Sunday, May 16, 2010

Parenting in Public, the Cover Up

Reading about some "reality" TV show about people's reaction to nursing in public raised in my mind my experience with being asked to cover up while nursing the Baby Piranha.

I was in Texas due to a death in the family, at a restaurant eating lunch alone with the BP.

Lunch had just been served to me, and the BP also wanted to eat. She was only four months old at the time and not wiggling around a whole lot, so there was probably almost no skin showing.

A server (not the one assigned to my table) asked if I would like to cover up, not specifying what needed covering but gestured towards the BP with her hand.

I was stunned and the only thing I could manage as a response was something along the lines of "my right to nurse in public is protected by Texas state law."

The server looked taken aback, and muttered something along the lines of "protecting children who don't know about breastfeeding" and left.

I was alone, feeling nauseated and shaking with anger. I couldn't believe anything as simple as breastfeeding my precious baby could be reason to ask me to cover up. I doubt she felt she was doing anything wrong; on the other hand, I felt attacked and singled out.

I wanted to leave, to go somewhere and hide under a rock, but I figured that would be letting them win. So I stayed, and picked at my lunch half heartedly.

Later, a manager came by to check on my meal. I was sure to let him know how unhappy I was to have been treated this way. He quickly agreed I was in the right and said he'd speak to the server, though in retrospect, I'm not sure how he'd know who it was.

This critique of my parenting in public bugs me. I had someone come up to me out of the blue the other day and tell me the BP's arm was squished in the Ergo. (It wasn't, I'm squishier than I look).

Later the same day, a woman helped me get a bag of frozen blueberries out of a freezer at Costco - out of the blue, as it was - when I was holding the BP's sleeping head with one hand and trying to hold the door open and remove the bag with the other. I'm glad I had the grace to thank her profusely.

I'm reminded of Gina's call to help each other out at The Feminist Breeder.
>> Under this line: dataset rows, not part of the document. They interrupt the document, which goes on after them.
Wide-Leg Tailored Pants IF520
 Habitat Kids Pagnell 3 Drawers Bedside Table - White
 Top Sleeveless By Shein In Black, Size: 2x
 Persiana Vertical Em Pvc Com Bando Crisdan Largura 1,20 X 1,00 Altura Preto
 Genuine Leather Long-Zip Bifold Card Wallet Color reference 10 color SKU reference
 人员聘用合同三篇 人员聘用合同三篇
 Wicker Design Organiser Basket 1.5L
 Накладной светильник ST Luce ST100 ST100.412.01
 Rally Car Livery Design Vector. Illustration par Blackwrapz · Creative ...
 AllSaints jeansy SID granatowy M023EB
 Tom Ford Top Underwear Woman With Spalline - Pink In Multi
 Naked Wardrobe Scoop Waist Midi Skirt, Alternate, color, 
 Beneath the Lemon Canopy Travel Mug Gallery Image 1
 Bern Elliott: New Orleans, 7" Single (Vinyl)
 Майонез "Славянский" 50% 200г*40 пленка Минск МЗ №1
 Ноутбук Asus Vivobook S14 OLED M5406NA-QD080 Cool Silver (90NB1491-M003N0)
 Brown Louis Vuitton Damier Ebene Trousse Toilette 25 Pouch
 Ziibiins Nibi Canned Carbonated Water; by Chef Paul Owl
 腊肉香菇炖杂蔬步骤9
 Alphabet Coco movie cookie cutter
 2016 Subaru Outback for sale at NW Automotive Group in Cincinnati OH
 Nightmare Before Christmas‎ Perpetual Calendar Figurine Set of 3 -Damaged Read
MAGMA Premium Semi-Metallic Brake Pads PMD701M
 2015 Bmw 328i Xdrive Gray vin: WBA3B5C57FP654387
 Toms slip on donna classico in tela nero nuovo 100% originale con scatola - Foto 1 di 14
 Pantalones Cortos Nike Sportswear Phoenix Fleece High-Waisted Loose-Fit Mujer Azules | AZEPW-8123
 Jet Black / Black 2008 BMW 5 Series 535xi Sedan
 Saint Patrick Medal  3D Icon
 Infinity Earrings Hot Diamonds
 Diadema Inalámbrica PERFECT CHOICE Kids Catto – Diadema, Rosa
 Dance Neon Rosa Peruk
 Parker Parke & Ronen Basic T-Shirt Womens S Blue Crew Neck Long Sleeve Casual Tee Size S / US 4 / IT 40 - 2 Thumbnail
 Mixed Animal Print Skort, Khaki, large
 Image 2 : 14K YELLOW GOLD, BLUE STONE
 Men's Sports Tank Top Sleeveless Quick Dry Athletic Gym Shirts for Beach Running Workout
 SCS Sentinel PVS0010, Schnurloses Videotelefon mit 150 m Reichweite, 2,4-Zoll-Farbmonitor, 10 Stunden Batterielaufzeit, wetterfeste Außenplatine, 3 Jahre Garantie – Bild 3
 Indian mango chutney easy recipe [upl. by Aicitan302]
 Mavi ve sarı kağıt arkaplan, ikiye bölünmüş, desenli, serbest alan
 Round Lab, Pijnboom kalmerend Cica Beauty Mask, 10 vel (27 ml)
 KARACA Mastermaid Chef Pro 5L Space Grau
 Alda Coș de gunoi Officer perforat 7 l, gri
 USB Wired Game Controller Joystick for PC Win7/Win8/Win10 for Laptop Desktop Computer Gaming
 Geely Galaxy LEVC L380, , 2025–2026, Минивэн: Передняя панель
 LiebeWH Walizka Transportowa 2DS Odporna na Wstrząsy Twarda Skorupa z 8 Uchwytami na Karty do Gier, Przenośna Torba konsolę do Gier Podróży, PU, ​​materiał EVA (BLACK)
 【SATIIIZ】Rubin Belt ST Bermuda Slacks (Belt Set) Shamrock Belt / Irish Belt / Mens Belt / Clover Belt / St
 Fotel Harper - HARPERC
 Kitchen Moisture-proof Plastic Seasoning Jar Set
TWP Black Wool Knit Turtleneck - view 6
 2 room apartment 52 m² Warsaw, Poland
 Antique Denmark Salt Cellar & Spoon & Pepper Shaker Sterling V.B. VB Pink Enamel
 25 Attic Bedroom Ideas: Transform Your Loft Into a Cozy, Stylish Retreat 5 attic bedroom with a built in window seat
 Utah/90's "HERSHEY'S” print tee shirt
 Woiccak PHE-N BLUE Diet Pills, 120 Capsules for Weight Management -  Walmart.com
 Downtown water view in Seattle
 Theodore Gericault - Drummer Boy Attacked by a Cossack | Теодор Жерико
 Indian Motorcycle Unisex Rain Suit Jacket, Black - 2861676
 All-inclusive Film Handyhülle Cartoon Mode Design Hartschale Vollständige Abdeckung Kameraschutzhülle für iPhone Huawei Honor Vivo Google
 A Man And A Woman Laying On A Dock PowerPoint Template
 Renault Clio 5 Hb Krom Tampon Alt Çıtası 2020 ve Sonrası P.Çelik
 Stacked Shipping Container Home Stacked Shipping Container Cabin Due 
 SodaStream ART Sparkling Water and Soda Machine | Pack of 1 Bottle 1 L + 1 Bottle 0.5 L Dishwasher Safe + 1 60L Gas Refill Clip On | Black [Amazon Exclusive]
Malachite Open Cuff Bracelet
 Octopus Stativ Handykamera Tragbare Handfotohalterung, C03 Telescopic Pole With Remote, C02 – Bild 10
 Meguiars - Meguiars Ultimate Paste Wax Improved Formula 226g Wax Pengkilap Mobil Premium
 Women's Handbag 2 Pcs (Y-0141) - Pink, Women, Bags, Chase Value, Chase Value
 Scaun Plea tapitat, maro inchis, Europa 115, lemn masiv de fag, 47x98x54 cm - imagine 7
I think she has a really good point.

Have you been hassled for your parenting in public?

5 comments:

Melodie said...

I once had someone tell me my baby's head should have a hat on it on a particularly cold day. He was right but I couldn't find one before I left and was holding her and protecting her head the best I could as we quickly scuttled into a store. It made me feel awful. What do people expect us to say to them? "You're right, thank you so much for saying something. I sure an a bad mom and you've made me see the light! I'm going to do just what you say!" And i fwe did answer them I don't suppose thy'd stick around to hear our answer anyway. Cowardly, it is!

punk rock michelle said...

that kind of stuff ticks me off b/c you know that people will look the other way when someone is screaming at or hitting their kids but , heaven forbid they breastfeed them or wear them! For the record , I've also had someone ask me how my Lo was possibly comfortable in the Ergo carrier too, & insisted that I must be hurting her carrying her that way! When I used a simple fabric sling..more than one person asked if I wasn't worried that I would drop her..

TheFeministBreeder said...

Nauseated and shaken with anger is exactly how I'd feel about the NIP incident. Truthfully, I just wait for someone to say something to me in public. They would rue that day. Illinois has an enforcement provision meaning I could sue the shit out of a restaurant who tried to tell me not to NIP and I'd do it too because I'd want to send a message to ever other restaurant or store in Illinois that this law exists, and we will USE IT.

On the babywearing thing - I shunned babywearing for a long time because we saw somebody doing it when Jonas was first born, and my dad made a comment that the baby looked like they were going to fall out and break their neck. Truthfully, I do remember that the woman had to people helping her try to put the baby back in because she was falling out, but looking back I think she may have just been readjusting? I don't know what she was doing, but it didn't look safe. That was my first experience with it and it took me a while to figure out on my own that I could do it safely (and that my dad could stuff it.)

Danielle said...

My little one was just a few months old. We were living in Japan and were out for a walk on a rainy day. An older Japanese woman ran up to me, hit me in the shoulder, pointed to the sky and said, "rain" in Japanese.

I can only guess that she thought it was absurd that I was out with the babe on a rainy day. Crazy old bat!

Lauren @ Hobo Mama said...

Wow. I'm so sorry you had your day ruined like that, but good for you for standing up for your rights. I would be devastated if someone criticized me for nursing in public — I've only been teased about it by a restaurant owner (loudly), and that was bad enough.

When my little brother was a baby, we were outside on a beautifully mild and sunny day when two older ladies rushed up and one screeched, "Cover that baby's head!" She grabbed the burp cloth my dad had on his shoulder and draped it over my brother's head. Um, okay. We like to tell the story to this day (clearly).